8 matchs supplémentaires ne sont pas de trop pour un groupe jeune en quête de repères. L’instabilité n’a que trop guidé les choix de Monty Williams cette saison, où le coach des Suns a été contraint d’imaginer pas moins de 15 cinq majeurs différents. La qualité collective est présente et ne demande que du temps. Lors des 21 petits matchs (226 minutes) où il a pu jouer ensemble, le cinq majeur composé de Ricky Rubio, Devin Booker, Kelly Oubre Jr, Mikal Bridges et Deandre Ayton s’est élevé sur le podium de la NBA en termes de Net Rating (ratio de l’offensive et defensive rating). En se basant là-dessus, les Suns peuvent trouver une bonne raison de croire en leurs chances de qualification pour les playoffs. Compte tenu de l’aspect unique de cette saison, on peut imaginer le groupe surpasser ses limites devant le défi de grande ampleur qui l’attend. En allant à Orlando, les Suns vont profiter d’une chance que les 8 équipes recalées à l’entrée ne connaîtront pas, celle de grandir. Grandir en tant que groupe et grandir individuellement pour les plus jeunes d’entre eux.

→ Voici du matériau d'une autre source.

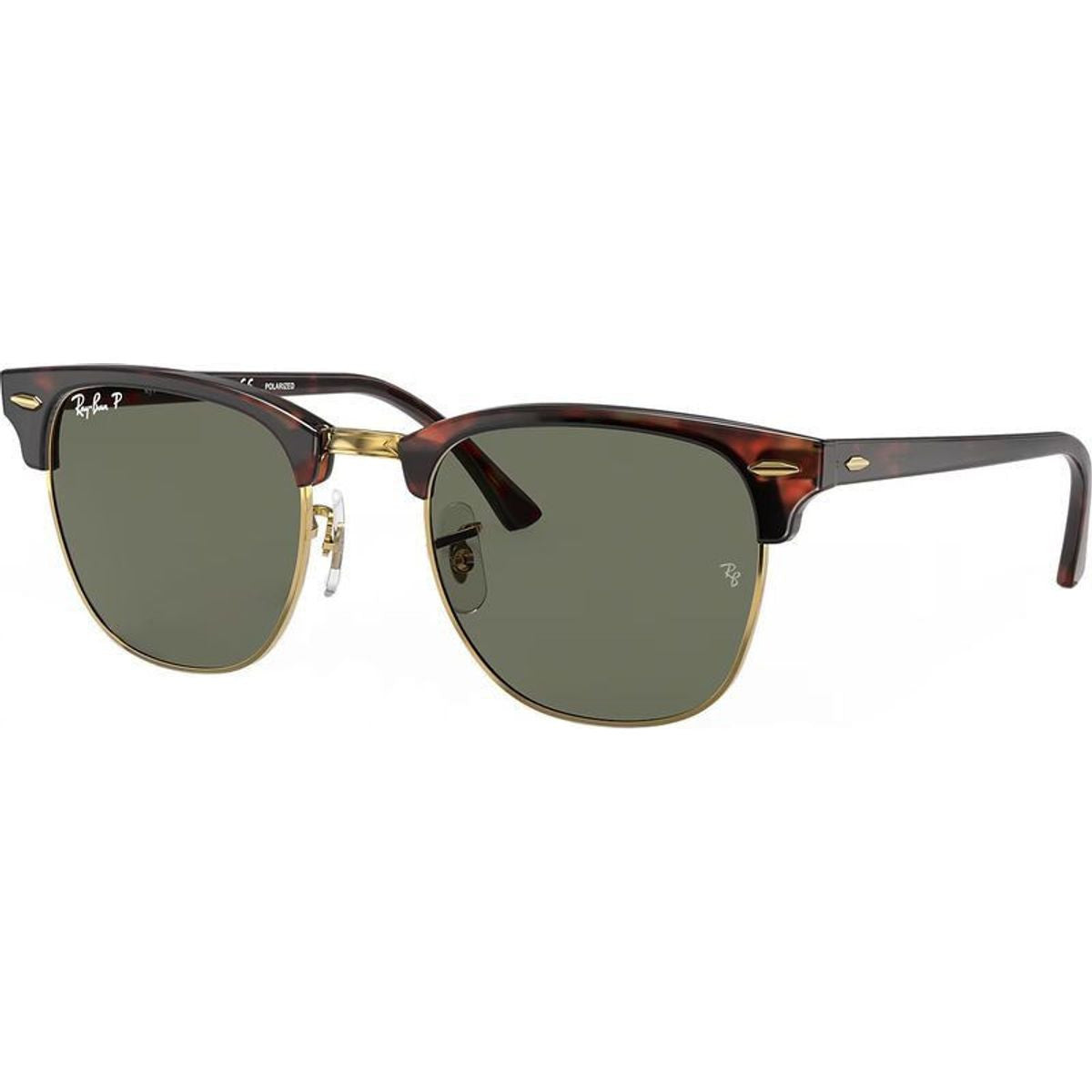 Clubmaster Classic RB3016, Red Havana/Green Glass Polarised Lenses 55 Eye Size
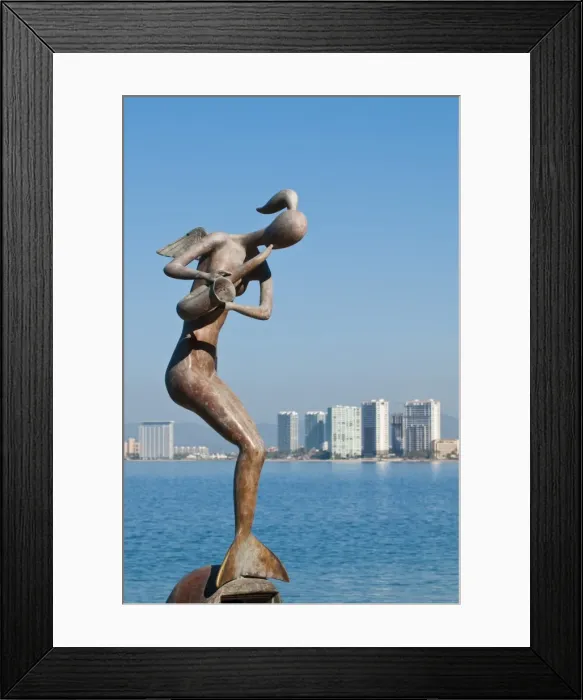 Framed Print : Mermaid Angel Playing Saxophone sculpture on the Malecon, Puerto Vallarta, Jalisco, Mexico, North America Framed Print : Mermaid Angel Playing Saxophone sculpture on the Malecon, Puerto Vallarta, Jalisco, Mexico, North America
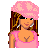 Pixel art contact sheet showing a cartoon girl character in pink attire with accessories and text "GirlyGirly Girl" on white background.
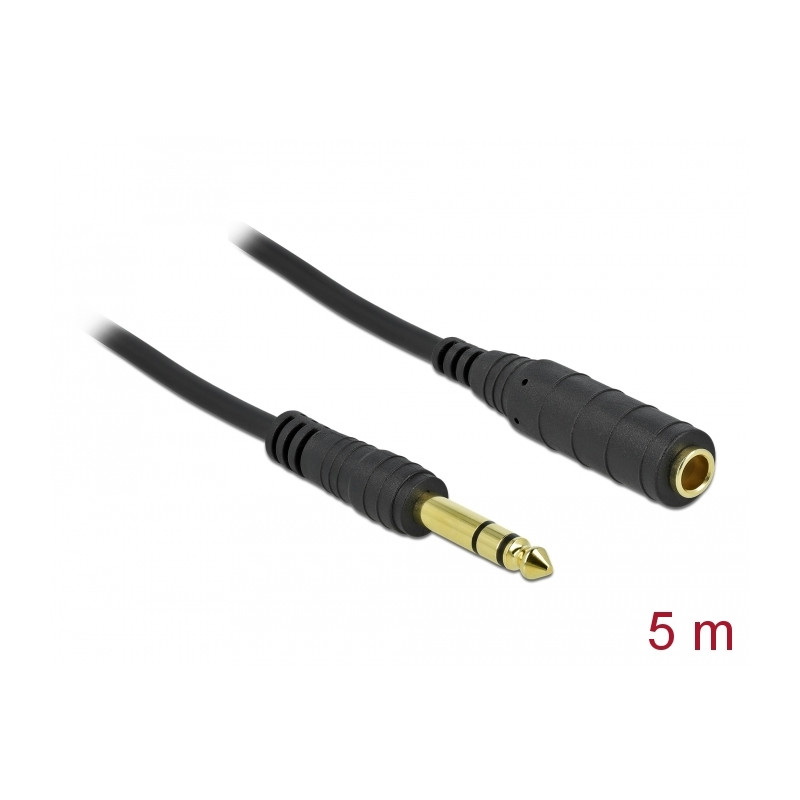 Delock Klinkenverlängerungskabel 6,35 mm 3 Pin Stecker zu Buchse 5 m schwarz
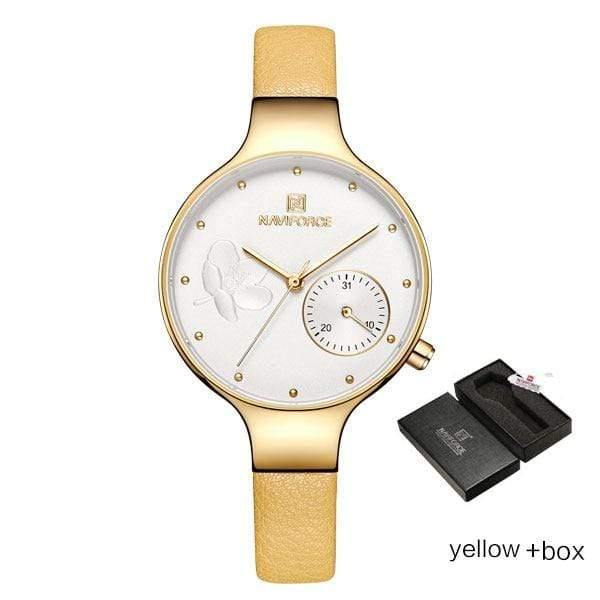 Planet Gates yellow box Women Watches Top Luxury Brand Ladies Quartz Watches Genuine Leather Watchband Casual Wrist Watches Gift For Girls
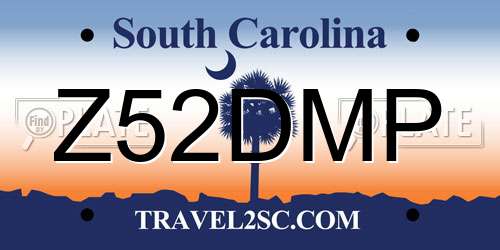 Z52DMP South Carolina License Plate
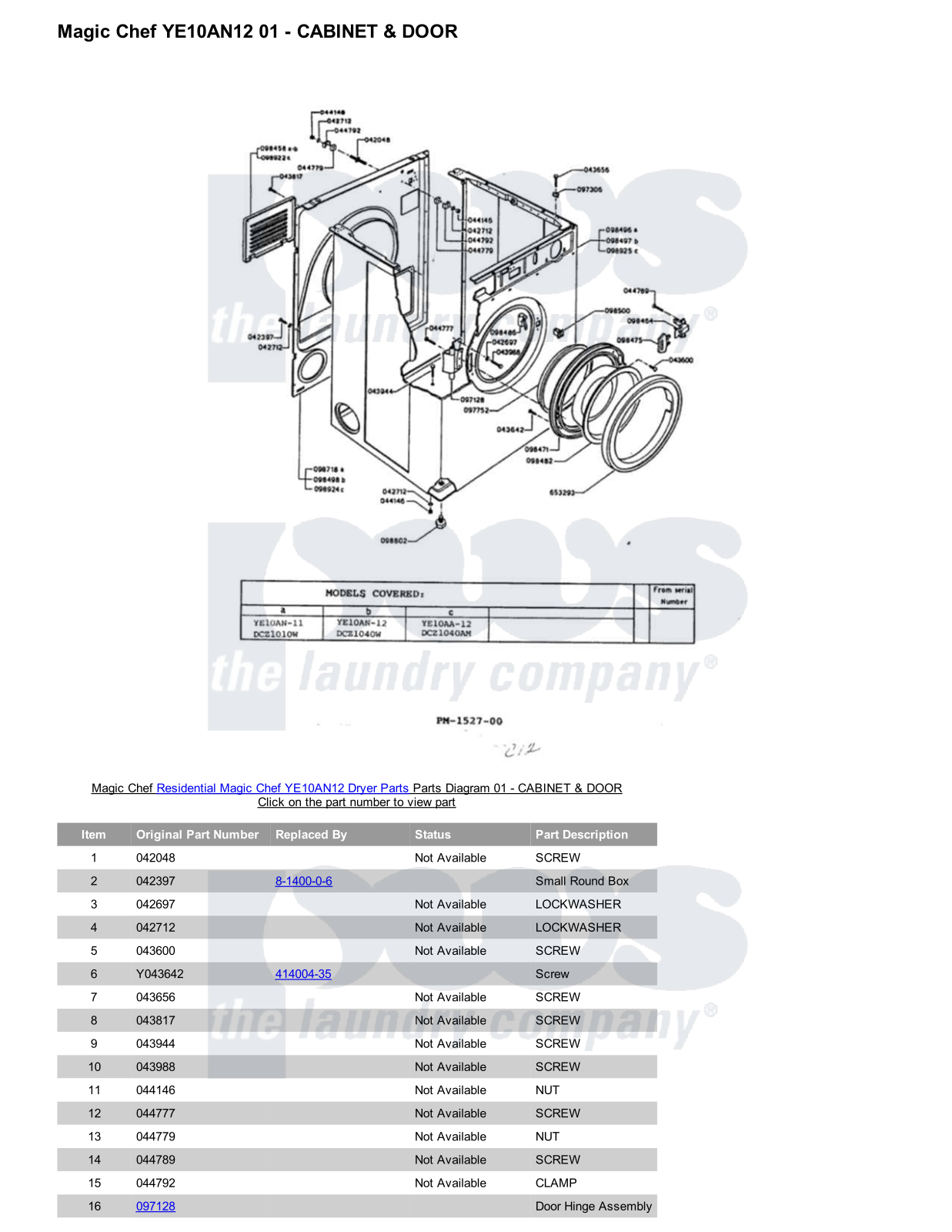 Magic Chef YE10AN12 Parts Diagram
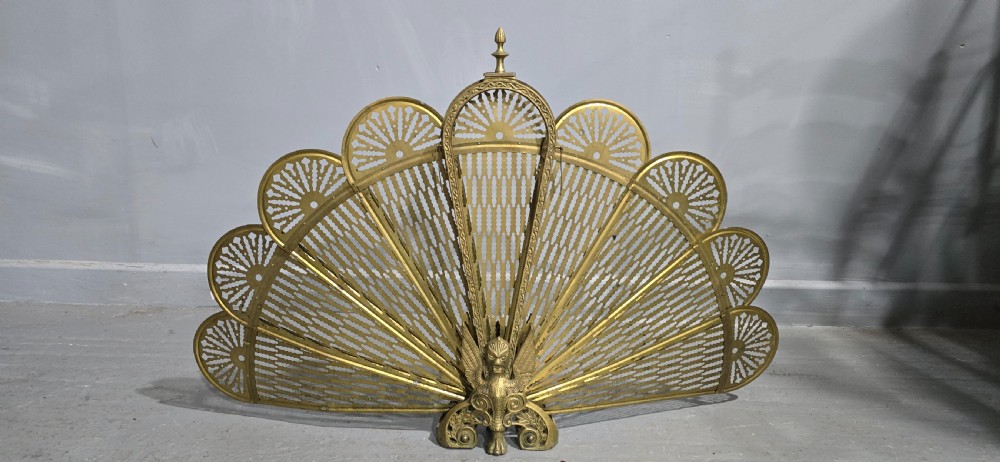 Brass Peacock Fire Screen View VII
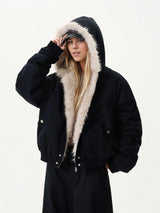 Black Faux Fur-Lined Bomber Jacket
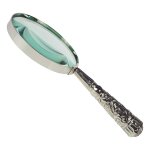 Leselupe Handlupe Vergrößerungsglas & Brieföffner Glas versilbert Set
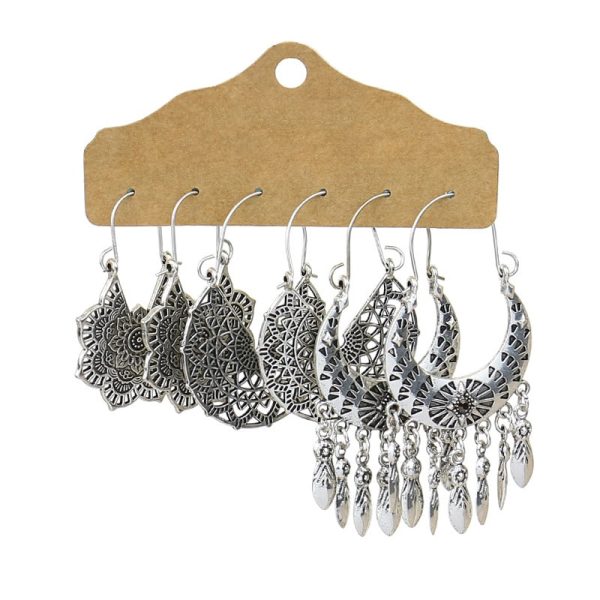 6-piece Set Tassel Bohemian Ethnic Style Hollow Stud Earrings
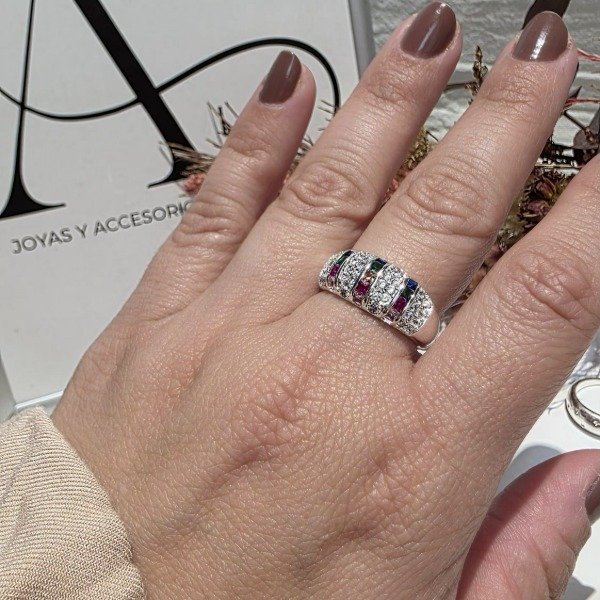 Producto - Anillo Ac. Blanco inflado con destellos multicolor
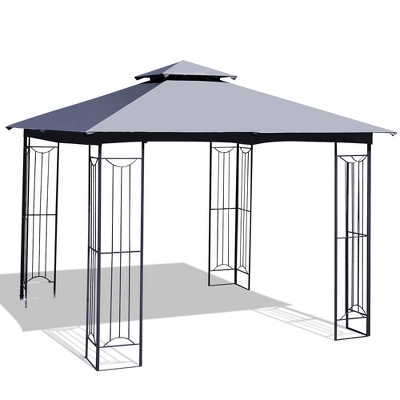 Costway 10' X 10' Patio Canopy Gazebo Outdoor 2-Tier Steel Tent Heavy-Duty L-Shaped 12 Costway 10' X 10' Patio Canopy Gazebo Outdoor 2-Tier Steel Tent Heavy-Duty L-Shaped - Image 10
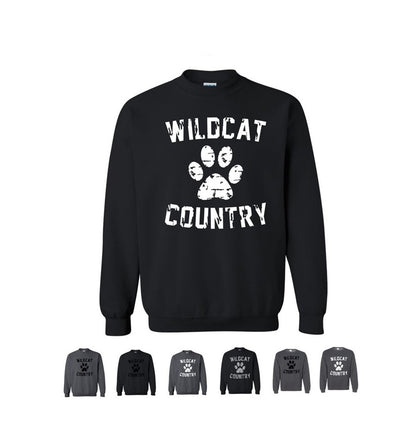 Galva Wildcats - Wildcat Country - Gildan Brand Crew Sweatshirts - Black and Greys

Parmi les combinaisons de joueurs ayant joués plus de 100 minutes ensemble, le cinq majeur des Suns se classe à la troisième place du Net Rating. (Source : NBA.com)

Tous les professionnels le disent : Rien ne remplace l’intensité des matchs ; Et les entraînements qui attendent les Timberwolves, Bulls ou Pistons sont bien maigres comparés à la lutte intense qui se déroulera à DisneyLand. Lloyd Pierce (coach Atlanta Hawks) l’avouait encore volontiers la semaine dernière : « Cela va nuire à notre développement » (ESPN). Les Suns vont eux conserver une certaine dynamique et éviter la longue pause de 10 mois sans jouer (jusqu’en Décembre 2020) qui attend les huit équipes malheureuses. Enfin, la franchise de l’Arizona va connaître ce qu’il lui manque depuis une décennie : des matchs à enjeux. On ne peut pas (encore ?) parler de playoffs, mais ces 8 matchs s’annoncent haletants tant chaque résultat sera décisif pour le classement final. Devin Booker en tête, que certains décrient comme inapte à être le leader d’une équipe compétitive, a l’occasion de prouver sa valeur et contredire ses détracteurs. Le nouvel All-Star a une chance de se muer en guide d’un groupe à la conquête des playoffs, ce que les Suns n’ont plus connu depuis 10 ans.

En se rendant à Orlando, les Suns n’ont presque rien à perdre. Leurs chances de qualification pour les playoffs, aussi infimes soient-elles, existent. Ce groupe jeune obtient la chance de se développer au moins jusqu’à la mi-Août, avant une intersaison acceptable que les plus grandes écuries n’obtiendront pas. C’est une occasion unique de se construire que Phoenix doit saisir, à l’image de sa Talking Stick Resort Arena qui a profité de cette trêve prématurée pour lancer sa refonte plus tôt que prévu.